**Task instructions**: What is needed is an exact copy of the line with "p848 WIZARDS Australian" and all lines that follow it in the entries below, the last line included.

Given records: Begin

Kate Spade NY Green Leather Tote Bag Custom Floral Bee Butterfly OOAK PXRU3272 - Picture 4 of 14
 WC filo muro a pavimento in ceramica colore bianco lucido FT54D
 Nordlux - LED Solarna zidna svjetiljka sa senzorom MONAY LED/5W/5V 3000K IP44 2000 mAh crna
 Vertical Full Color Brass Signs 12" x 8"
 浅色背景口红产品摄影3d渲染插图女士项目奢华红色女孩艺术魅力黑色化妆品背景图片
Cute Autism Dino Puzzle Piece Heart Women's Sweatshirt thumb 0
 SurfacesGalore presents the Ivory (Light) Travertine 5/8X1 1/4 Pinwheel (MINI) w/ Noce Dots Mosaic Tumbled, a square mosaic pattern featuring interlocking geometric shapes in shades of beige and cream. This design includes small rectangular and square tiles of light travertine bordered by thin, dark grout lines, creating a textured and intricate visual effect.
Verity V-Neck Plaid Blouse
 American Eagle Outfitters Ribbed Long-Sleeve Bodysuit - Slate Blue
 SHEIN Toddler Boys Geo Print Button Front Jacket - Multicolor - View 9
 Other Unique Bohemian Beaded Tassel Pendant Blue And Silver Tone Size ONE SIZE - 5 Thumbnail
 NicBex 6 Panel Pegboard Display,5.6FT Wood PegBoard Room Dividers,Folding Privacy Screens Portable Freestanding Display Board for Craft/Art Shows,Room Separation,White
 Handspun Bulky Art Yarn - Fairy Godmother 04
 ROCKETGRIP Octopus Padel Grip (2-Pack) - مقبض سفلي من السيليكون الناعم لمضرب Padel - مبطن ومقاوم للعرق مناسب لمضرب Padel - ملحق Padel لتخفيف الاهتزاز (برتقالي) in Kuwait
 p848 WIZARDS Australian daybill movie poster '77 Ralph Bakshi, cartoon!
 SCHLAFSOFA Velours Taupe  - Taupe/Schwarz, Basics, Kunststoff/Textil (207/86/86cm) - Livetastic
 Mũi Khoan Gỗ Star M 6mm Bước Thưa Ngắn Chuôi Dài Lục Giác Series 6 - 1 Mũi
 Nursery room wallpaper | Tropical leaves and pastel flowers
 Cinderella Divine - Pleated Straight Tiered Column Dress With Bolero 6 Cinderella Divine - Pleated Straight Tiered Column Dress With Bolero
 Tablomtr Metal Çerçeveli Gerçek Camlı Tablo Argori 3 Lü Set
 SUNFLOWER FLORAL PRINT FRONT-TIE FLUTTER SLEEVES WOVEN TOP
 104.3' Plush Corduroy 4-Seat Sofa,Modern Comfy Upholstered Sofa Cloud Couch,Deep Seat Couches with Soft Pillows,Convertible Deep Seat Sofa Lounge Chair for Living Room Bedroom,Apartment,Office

Given records: End

**Answer to the exercise**:
 p848 WIZARDS Australian daybill movie poster '77 Ralph Bakshi, cartoon!
 SCHLAFSOFA Velours Taupe  - Taupe/Schwarz, Basics, Kunststoff/Textil (207/86/86cm) - Livetastic
 Mũi Khoan Gỗ Star M 6mm Bước Thưa Ngắn Chuôi Dài Lục Giác Series 6 - 1 Mũi
 Nursery room wallpaper | Tropical leaves and pastel flowers
 Cinderella Divine - Pleated Straight Tiered Column Dress With Bolero 6 Cinderella Divine - Pleated Straight Tiered Column Dress With Bolero
 Tablomtr Metal Çerçeveli Gerçek Camlı Tablo Argori 3 Lü Set
 SUNFLOWER FLORAL PRINT FRONT-TIE FLUTTER SLEEVES WOVEN TOP
 104.3' Plush Corduroy 4-Seat Sofa,Modern Comfy Upholstered Sofa Cloud Couch,Deep Seat Couches with Soft Pillows,Convertible Deep Seat Sofa Lounge Chair for Living Room Bedroom,Apartment,Office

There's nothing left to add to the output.